The olfactory sulcus is linked to the development of the olfactory system since it receives projections from the olfactory bulb and tract. Hummel et al. showed that the depth of the olfactory sulcus in the plane of the posterior tangent through the eyeball (PPTE) was related to the overall olfactory function in healthy subjects (Hummel et al. 2003). It was also demonstrated that the depth of the OS in the PPTE was significantly smaller in patients with congenital anosmia (Abolmaali et al. 2002; Huart et al. 2011). The assessment of the OS in the PPTE is easy and quick to perform (Rombaux et al. 2009b) and should be considered as a standard in the evaluation of congenital anosmia (Huart et al. 2011). Nevertheless, it is still unknown if an acquired modification of sensory input may lead to morphological changes of OS. A recent study based on voxel-based morphometry has shown that in cases of acquired anosmia, there was a significant volume decrease in grey matter in primary as well as in secondary olfactory cortex (Bitter et al. 2011) (see below).

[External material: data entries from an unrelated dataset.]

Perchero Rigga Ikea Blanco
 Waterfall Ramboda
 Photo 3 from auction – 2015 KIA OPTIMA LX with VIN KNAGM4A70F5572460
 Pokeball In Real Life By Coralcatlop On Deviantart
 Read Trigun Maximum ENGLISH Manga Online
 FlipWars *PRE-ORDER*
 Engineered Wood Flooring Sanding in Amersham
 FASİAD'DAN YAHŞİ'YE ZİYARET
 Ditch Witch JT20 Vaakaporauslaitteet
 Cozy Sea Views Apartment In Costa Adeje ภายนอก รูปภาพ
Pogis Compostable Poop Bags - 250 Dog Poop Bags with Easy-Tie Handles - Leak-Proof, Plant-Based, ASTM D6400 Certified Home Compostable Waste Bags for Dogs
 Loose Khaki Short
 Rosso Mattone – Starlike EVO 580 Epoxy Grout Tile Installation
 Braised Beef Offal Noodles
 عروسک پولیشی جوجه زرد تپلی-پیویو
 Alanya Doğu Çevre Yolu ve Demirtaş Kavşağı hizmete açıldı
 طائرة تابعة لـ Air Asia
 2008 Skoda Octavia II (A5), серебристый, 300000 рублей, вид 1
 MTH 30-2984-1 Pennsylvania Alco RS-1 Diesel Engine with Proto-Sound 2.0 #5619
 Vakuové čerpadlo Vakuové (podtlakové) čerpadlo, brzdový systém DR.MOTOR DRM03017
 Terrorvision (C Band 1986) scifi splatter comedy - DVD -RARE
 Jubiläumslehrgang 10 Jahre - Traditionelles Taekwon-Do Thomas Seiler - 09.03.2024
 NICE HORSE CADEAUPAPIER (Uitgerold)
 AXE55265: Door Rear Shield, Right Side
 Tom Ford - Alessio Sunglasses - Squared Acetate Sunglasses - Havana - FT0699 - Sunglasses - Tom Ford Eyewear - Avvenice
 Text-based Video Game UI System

Central olfactory projection areas can also reveal abnormalities in pathologic situations. For example, in posttraumatic olfactory loss, contusions in basofrontal and temporal areas can be noted (Collet et al. 2009). In patients with multiple sclerosis, there seems to exist a correlation between smell loss and the lesions load in brain olfactory areas (Doty et al. 1998; Zorzon et al. 2000). In patients suffering from Alzheimer’s disease, neurodegeneration in olfactory bulb and tract and mediotemporal lobe seem to be linked (Thomann et al. 2009). In addition, MRI can also reveal tumoral process in the brain, being responsible for the olfactory disorder (Choi et al. 2009; Mahdavi et al. 2009; Darie et al. 2010). Although MRI is the imaging modality of choice, CT scan can also be useful in the assessment of patients with olfactory dysfunction, mostly when associated with a rhinologic disease (i.e., chronic rhinosinusitis). CT is particularly useful for the diagnosis of olfactory cleft disease (Biacabe et al. 2004; Jankowski et al. 2007).